Electron transport in GaN/AlGaN heterostructure
Contact Hung-Tao Chou (hungtao@) for more information.
Advanced semiconductor processing now offers
physicists a powerful tool to design and fabricate mesoscopic structures at the nanoscale.
Using this technology, we study electron transport at
the quantum regime to probe the quantum state.
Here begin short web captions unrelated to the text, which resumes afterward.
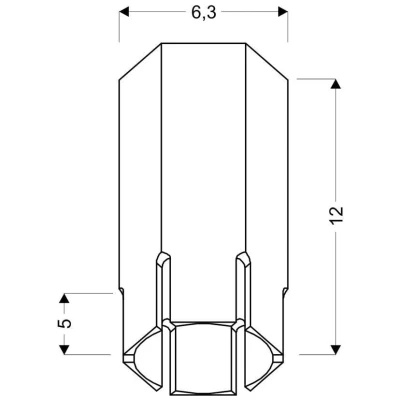 Stropní moderní svítidlo TUBA - 1xGU10, 25W, 6,3x12cm, kulaté, černé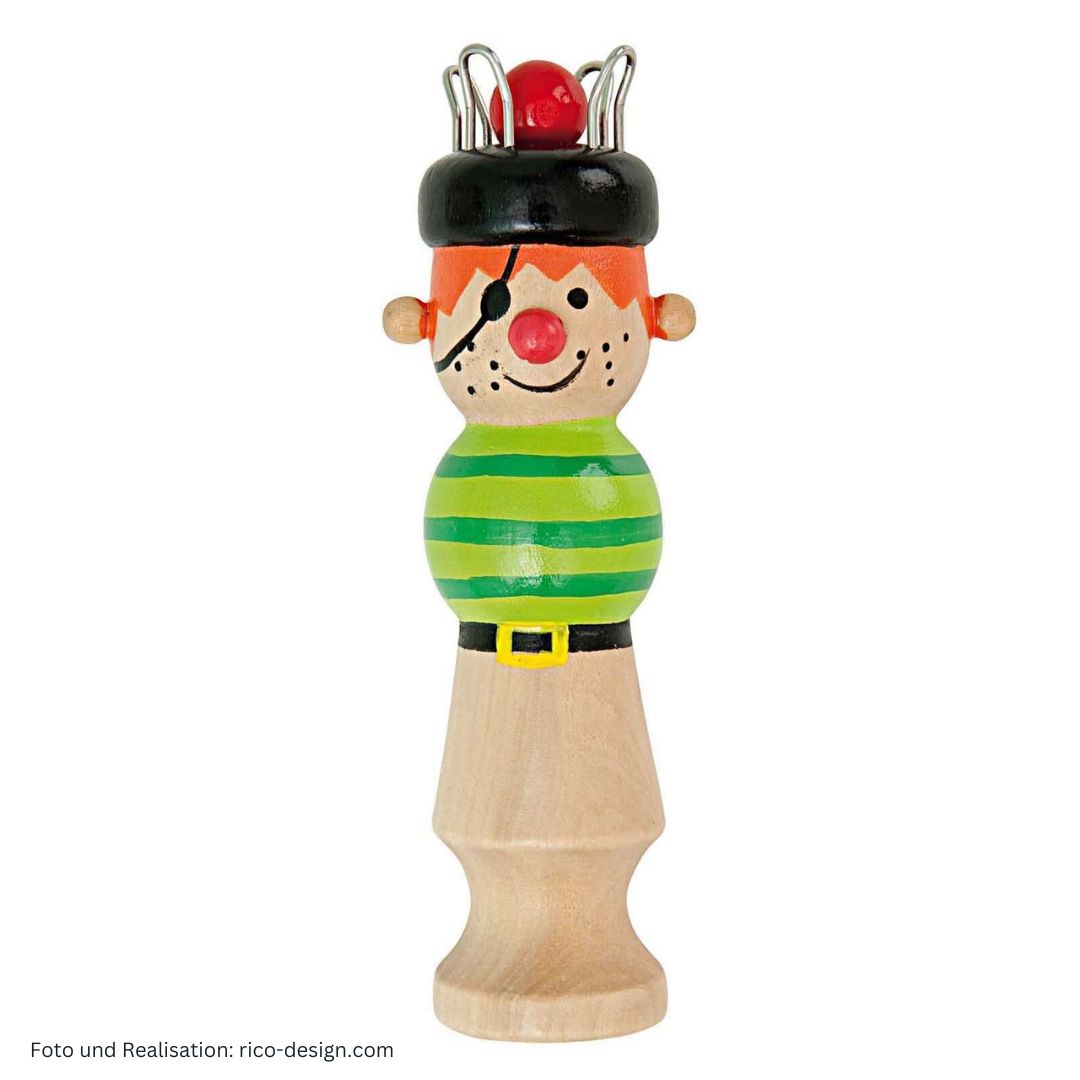 Strickliesel Pirat Onno mit grün gestreiftem Hemd, 4 Haken und 1 Nadel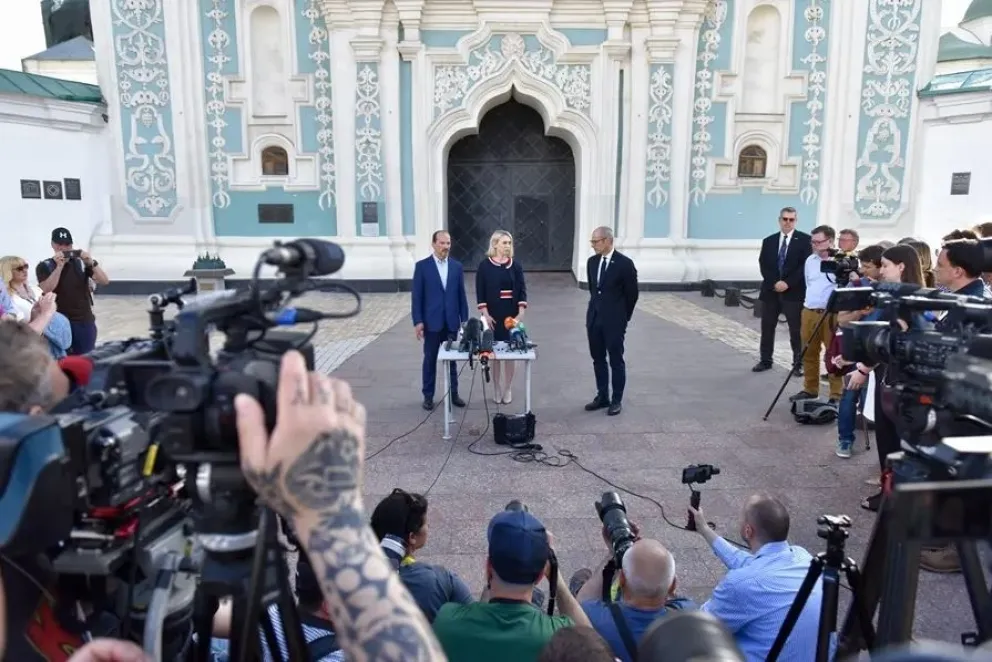 Un acto de la embajada de Estados Unidos en Kiev, e una imagen de archivo. Foto: EFE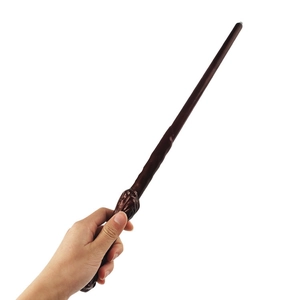 Illuminating magic wand prop with dark brown wood texture for Halloween cosplay costumes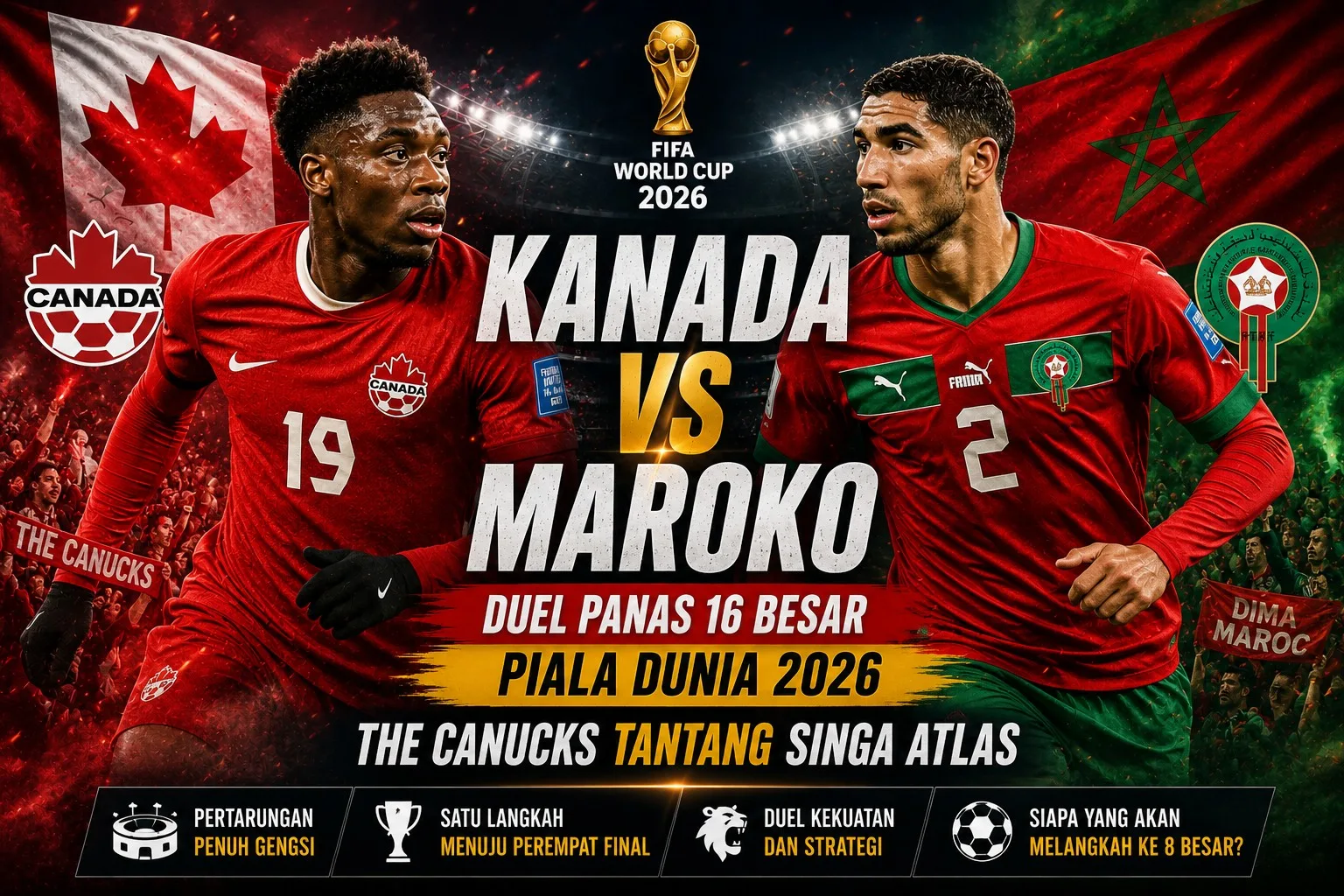 Kanada vs Maroko: Duel Panas 16 Besar Piala Dunia 2026, The Canucks Tantang Singa Atlas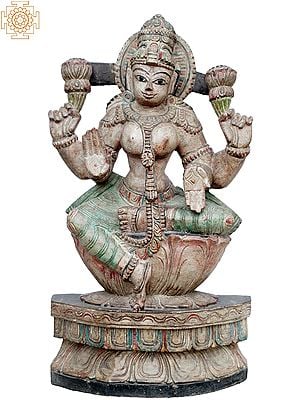 17" Goddess Lakshmi On Lotus | Wooden Statue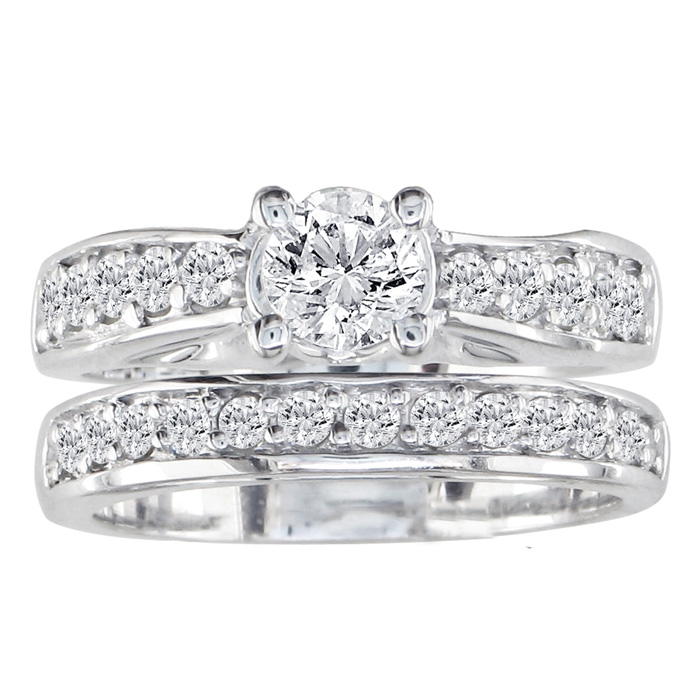 1.5 Carat Round Diamond Bridal Ring Set in 14k White Gold (7.9 g)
Almost all mesoscopic
experiments up to now have been done in GaAs/AlGaAs heterostructures.
Because of its clean interfaces with good lattice match and mature growth
and process technologies, electrons transport in this system is usually
treated as material independent and similar to electrons moving in vacuum.
But when there are puzzles hard to understand such as 0.7 structure in
quantum point contacts [1,2], performing experiments on another material
with different properties would provide a direct comparison and offer us a
more insightful understanding of the physics.
We have fabricated the first quantum point contact in a GaN/AlGaN heterostructure (above) and observed clear quantized conductance plateaus and 0.7 structure (below) . An effective g-factor of 2.5 is also measured from the spin-split plateau at high magnetic field. We are now trying to study the 0.7 structure in GaN quantum point contacts more carefully and also fabricate more advanced mesoscopic structure such as quantum dots.
 K. J.
Thomas, J. T. Nicholls, M. Y. Simmons, M. Pepper, D. R. Mace, and D. A.
Ritchie, Phys. Rev. Lett. 77, 135 (1996).